_Dataset records:_
·····
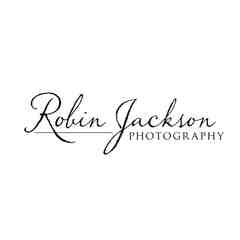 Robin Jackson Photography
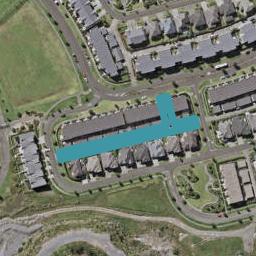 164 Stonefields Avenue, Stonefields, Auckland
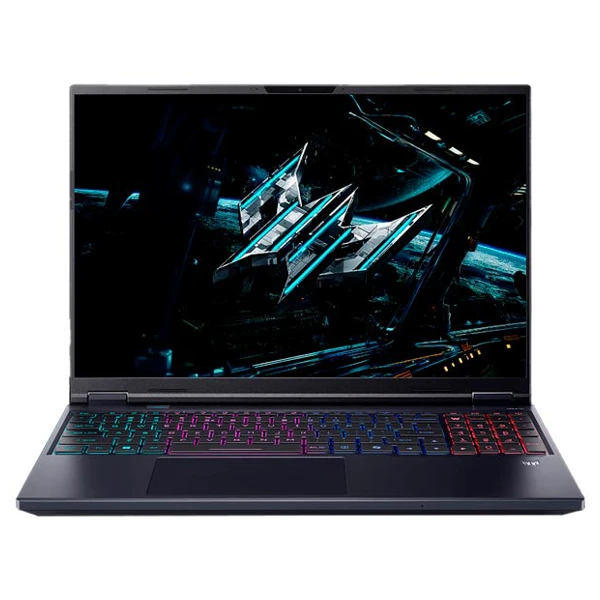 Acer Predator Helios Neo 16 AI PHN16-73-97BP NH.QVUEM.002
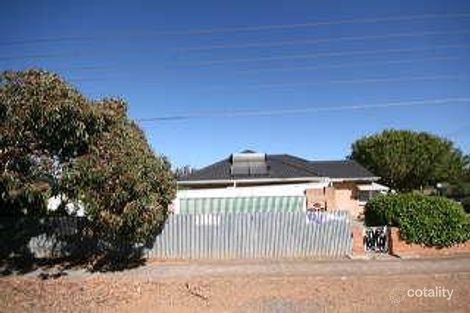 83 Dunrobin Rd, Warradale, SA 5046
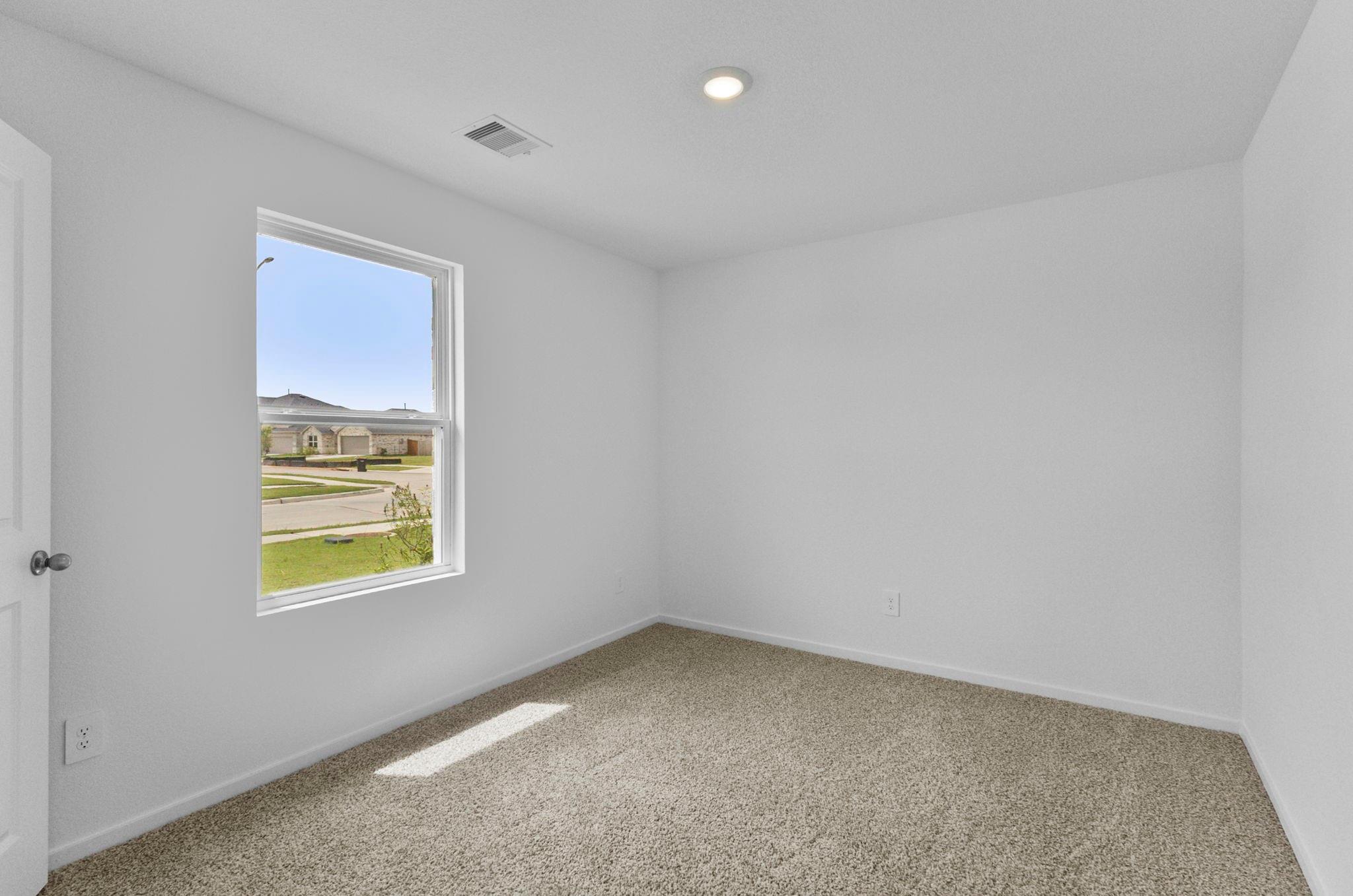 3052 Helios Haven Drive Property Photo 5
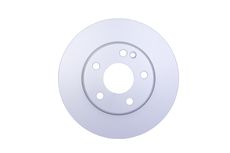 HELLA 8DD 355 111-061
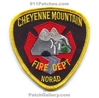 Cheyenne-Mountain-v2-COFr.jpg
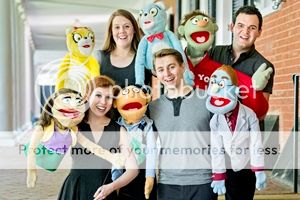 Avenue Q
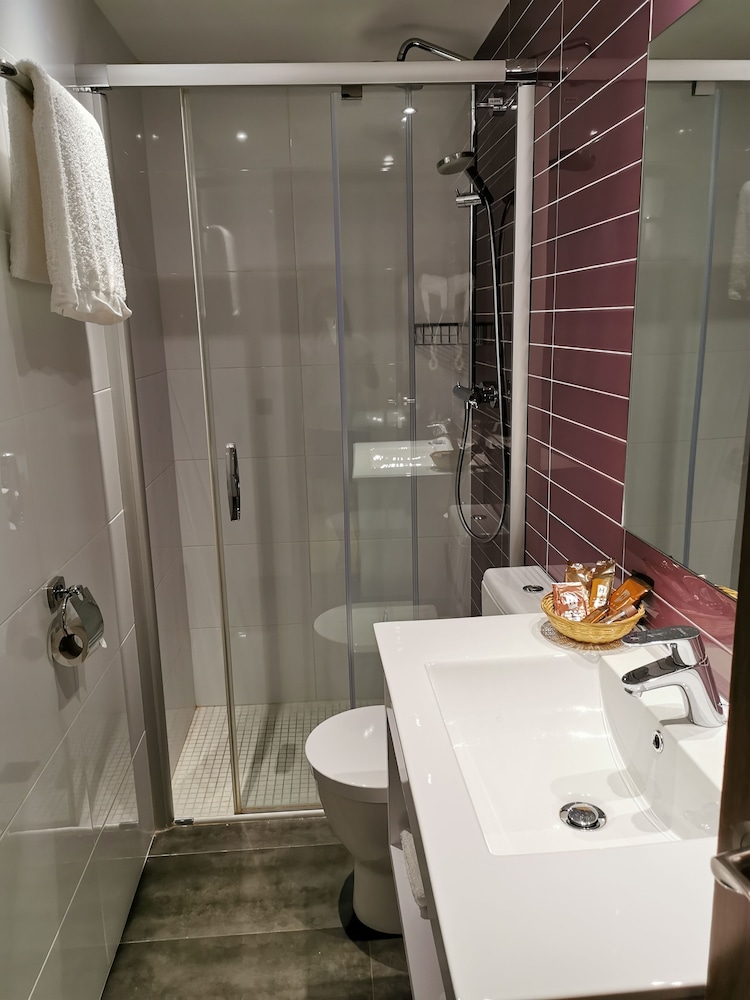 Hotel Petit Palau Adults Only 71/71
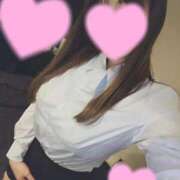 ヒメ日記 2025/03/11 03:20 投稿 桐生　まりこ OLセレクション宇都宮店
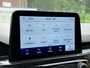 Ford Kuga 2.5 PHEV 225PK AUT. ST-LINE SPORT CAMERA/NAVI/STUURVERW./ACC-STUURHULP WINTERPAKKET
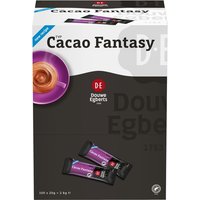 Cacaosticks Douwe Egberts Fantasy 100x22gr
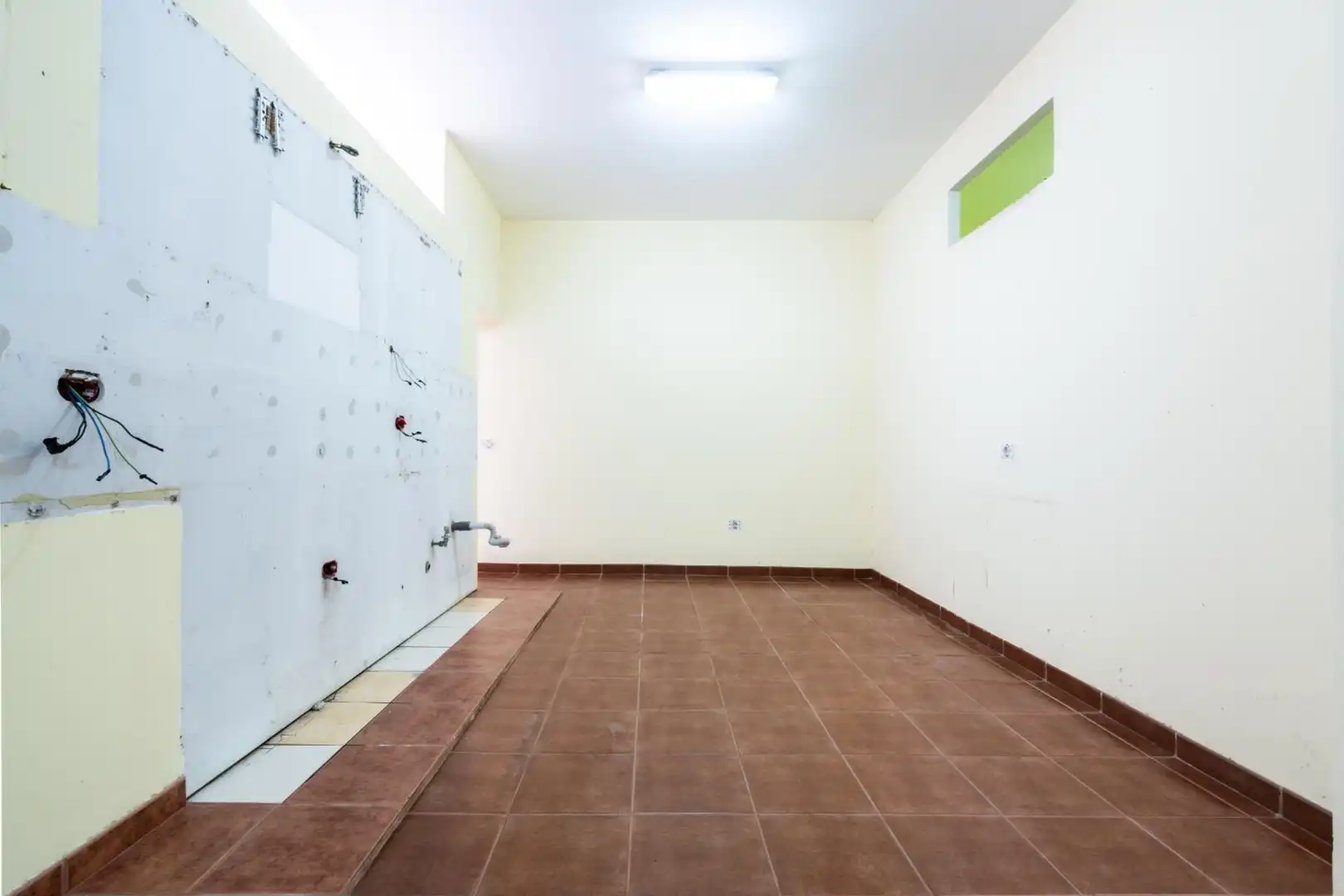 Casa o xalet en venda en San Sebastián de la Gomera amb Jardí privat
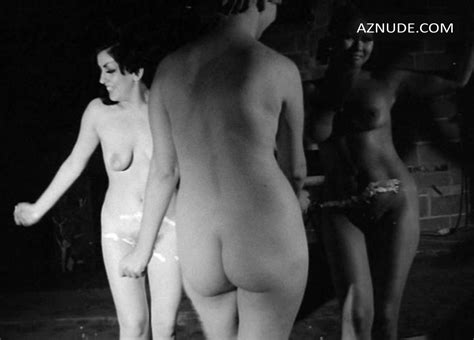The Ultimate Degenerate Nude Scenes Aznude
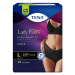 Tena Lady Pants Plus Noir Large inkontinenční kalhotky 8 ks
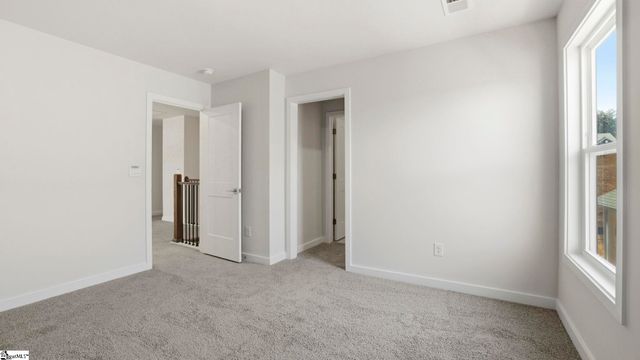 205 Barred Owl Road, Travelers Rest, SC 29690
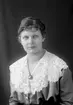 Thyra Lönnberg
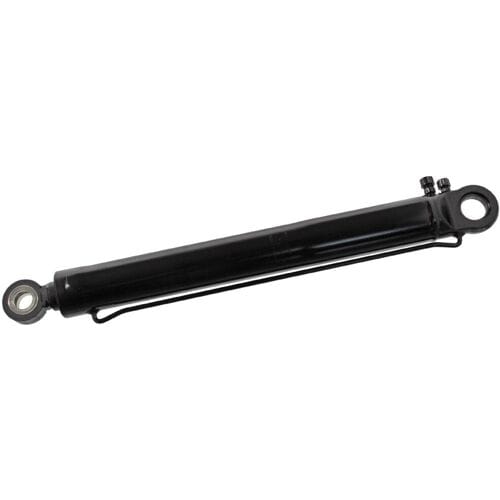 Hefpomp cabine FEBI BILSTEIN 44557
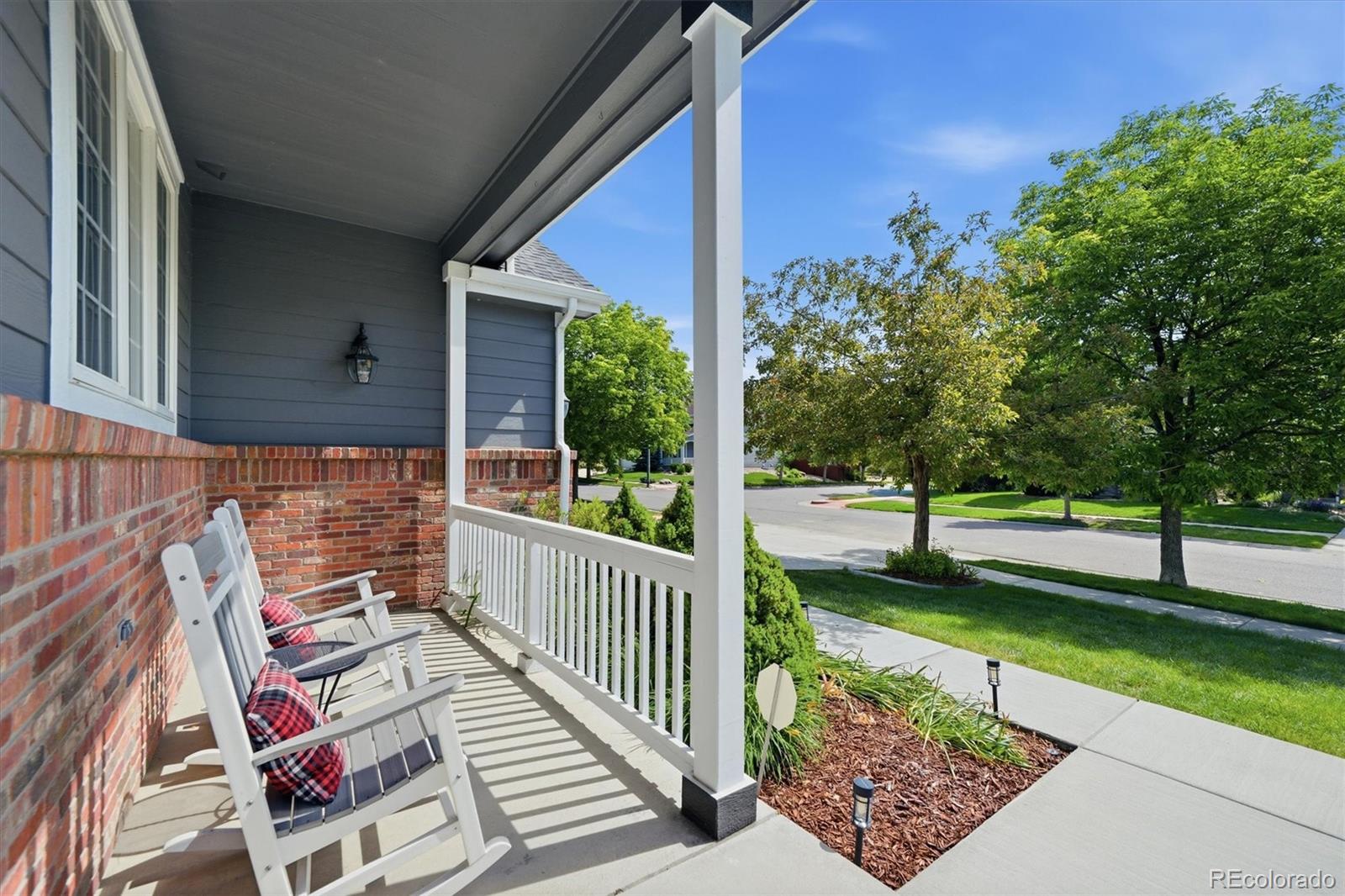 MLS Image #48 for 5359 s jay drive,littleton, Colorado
·····
_What the exercise asks:_ Lines from the one containing "Cacaosticks Douwe Egberts Fantasy 100x22gr" through the end of the material above must be reproduced exactly; pictures must not be.

_Final answer:_
 Cacaosticks Douwe Egberts Fantasy 100x22gr
 Casa o xalet en venda en San Sebastián de la Gomera amb Jardí privat
The Ultimate Degenerate Nude Scenes Aznude
 Tena Lady Pants Plus Noir Large inkontinenční kalhotky 8 ks
 205 Barred Owl Road, Travelers Rest, SC 29690
 Thyra Lönnberg
 Hefpomp cabine FEBI BILSTEIN 44557
 MLS Image #48 for 5359 s jay drive,littleton, Colorado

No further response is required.